La Corte Costituzionale ha dichiarato inammissibile la richiesta di referendum abrogativo

Oramai è noto, la Corte Costituzionale ha dichiarato inammissibile la richiesta di referendum abrogativo riguardante il nuovo assetto della geografia giudiziaria.
Durante l’udienza del 15 gennaio, durata poco più di un’ora, le posizioni tra le due parti sono rimaste inconciliabili. Da un lato i nove Consigli regionali (Puglia, Calabria, Basilicata, Friuli, Piemonte, Abruzzo, Liguria, Campania e Marche) che ritenevano necessaria la consultazione popolare per l’abrogazione della riforma che, entrata in vigore il 13 settembre scorso, ha portato alla chiusura di circa mille uffici giudiziari; dall’altro l’Avvocatura dello Stato che, in rappresentanza del governo, ha sostenuto l’inammissibilità del quesito referendario e il rischio che con un’abrogazione della riforma si potesse generare un vuoto normativo.
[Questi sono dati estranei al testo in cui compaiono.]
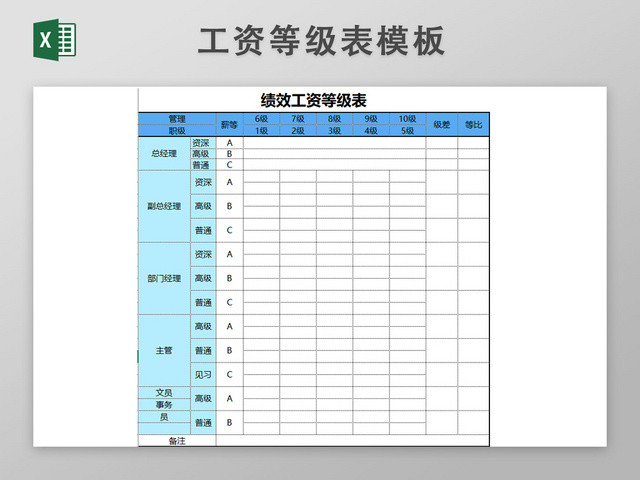 绩效工资等级表模板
Per la prima volta nella storia repubblicana un referendum veniva proposto attraverso l'iniziativa delle Regioni – l'articolo 75 della Costituzione prevede infatti che proposte referendarie possono essere avanzate con la presentazione di 500mila firme raccolte tra i cittadini oppure su istanza di almeno 5 Consigli regionali – e, purtroppo, questa istanza mossa da chi la giustizia la vive nel quotidiano e ne conosce i limiti è rimasta inascoltata.
Potremmo commentare in molti modi ma, personalmente, preferisco lasciare al lettore l'ultima parola. Unico impegno che il Comitato tutto e le Regioni si sentono di rilasciare è che la nostra battaglia non è finita.